### Exercise requirements:
The material below has pictures in it. Set down only the lines from the line containing "NEW Sienna and" through the line containing "soyut renkli kaleydoskop arka plan", word for word, and leave the pictures behind.

### Dataset extract:
- - - - - - -
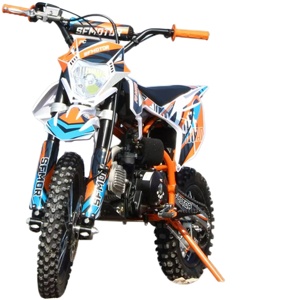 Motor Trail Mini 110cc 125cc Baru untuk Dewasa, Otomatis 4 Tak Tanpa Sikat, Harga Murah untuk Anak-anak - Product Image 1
- - - - - - -
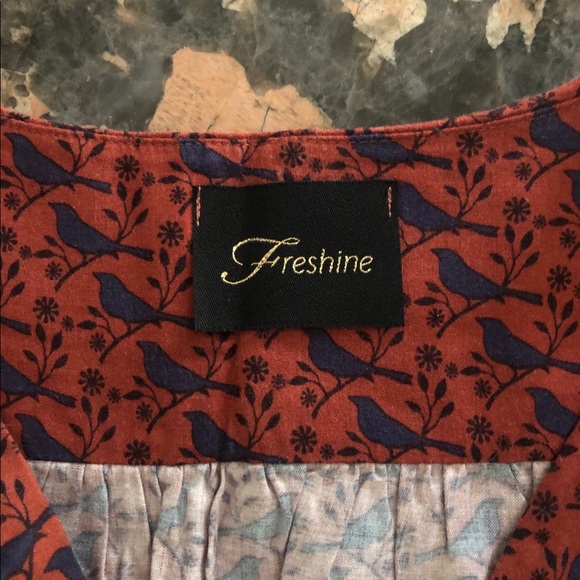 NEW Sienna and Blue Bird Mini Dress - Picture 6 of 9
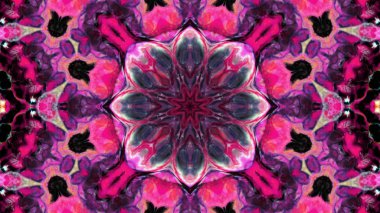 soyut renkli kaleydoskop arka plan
- - - - - - -
### Written solution:
 NEW Sienna and Blue Bird Mini Dress - Picture 6 of 9
 soyut renkli kaleydoskop arka plan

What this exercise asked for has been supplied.